(Records from a data collection)
-- -- --
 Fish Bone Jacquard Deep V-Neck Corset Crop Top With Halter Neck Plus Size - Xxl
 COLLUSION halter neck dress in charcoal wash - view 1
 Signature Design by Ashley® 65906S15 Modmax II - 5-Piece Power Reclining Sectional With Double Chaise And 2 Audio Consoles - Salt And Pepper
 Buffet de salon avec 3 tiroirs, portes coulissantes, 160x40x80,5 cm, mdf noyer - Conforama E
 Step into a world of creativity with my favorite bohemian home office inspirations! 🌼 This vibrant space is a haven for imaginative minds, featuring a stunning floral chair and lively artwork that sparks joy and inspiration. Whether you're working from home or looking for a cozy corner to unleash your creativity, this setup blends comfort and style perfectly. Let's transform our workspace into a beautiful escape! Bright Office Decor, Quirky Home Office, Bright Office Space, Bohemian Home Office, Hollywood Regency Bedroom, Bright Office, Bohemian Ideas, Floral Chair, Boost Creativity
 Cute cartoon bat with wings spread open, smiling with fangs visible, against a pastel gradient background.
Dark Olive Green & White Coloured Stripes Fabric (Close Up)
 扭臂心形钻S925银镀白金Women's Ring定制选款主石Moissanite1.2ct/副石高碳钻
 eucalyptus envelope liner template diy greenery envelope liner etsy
-- -- --
* [ABOUT THIS TASK] Transcribe each record exactly. Leave nothing out.

* [FINISHED TASK]
 Fish Bone Jacquard Deep V-Neck Corset Crop Top With Halter Neck Plus Size - Xxl
 COLLUSION halter neck dress in charcoal wash - view 1
 Signature Design by Ashley® 65906S15 Modmax II - 5-Piece Power Reclining Sectional With Double Chaise And 2 Audio Consoles - Salt And Pepper
 Buffet de salon avec 3 tiroirs, portes coulissantes, 160x40x80,5 cm, mdf noyer - Conforama E
 Step into a world of creativity with my favorite bohemian home office inspirations! 🌼 This vibrant space is a haven for imaginative minds, featuring a stunning floral chair and lively artwork that sparks joy and inspiration. Whether you're working from home or looking for a cozy corner to unleash your creativity, this setup blends comfort and style perfectly. Let's transform our workspace into a beautiful escape! Bright Office Decor, Quirky Home Office, Bright Office Space, Bohemian Home Office, Hollywood Regency Bedroom, Bright Office, Bohemian Ideas, Floral Chair, Boost Creativity
 Cute cartoon bat with wings spread open, smiling with fangs visible, against a pastel gradient background.
Dark Olive Green & White Coloured Stripes Fabric (Close Up)
 扭臂心形钻S925银镀白金Women's Ring定制选款主石Moissanite1.2ct/副石高碳钻
 eucalyptus envelope liner template diy greenery envelope liner etsy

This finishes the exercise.